= Education in the Comoros =

Practically all children attend Quranic school for two or three years, starting around age five; there they learn the rudiments of the Islamic faith and some classical Arabic. When rural children attend these schools, they sometimes move away from home and help the teacher work his land.

France established a system of primary and secondary schools based on the French model, which remains largely in place. Comoran law requires all children to complete eight years of schooling between the ages of seven and fifteen. The system provides six years of primary education for students ages six to twelve, followed by seven years of secondary school. In recent years, enrollment has expanded greatly, particularly at the primary level. About 20,750 pupils, or roughly 75 percent of primary-school-age children were enrolled in 1993, up from about 4p in the late 1970s.
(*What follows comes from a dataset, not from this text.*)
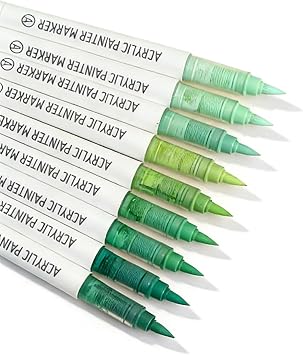 Green Acrylic Paint Markers, 9 Colors Acrylic Paint Pens Water Based and Soft Brush Tip for Wood Glass Eggs Rock Painting Canvas Stone Fabric DIY Crafts Art Supplies Green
About 17 percent of the secondary-school age population was enrolled, up from an estimated 7 percent fifteen to twenty years earlier. Teacher-student ratios also improved, from 47:1 to 36:1 in the primary schools and from 26:1 to 25:1 in secondary schools. The increased attendance was all the more significant given the population's high percentage of school-age children. Improvement in educational facilities was funded in 1993 by loans from the Organization of the Petroleum Exporting Countries (OPEC) and the African Development Bank. Despite the spread of education, adult literacy in 1993 has been estimated at no better than 50 percent.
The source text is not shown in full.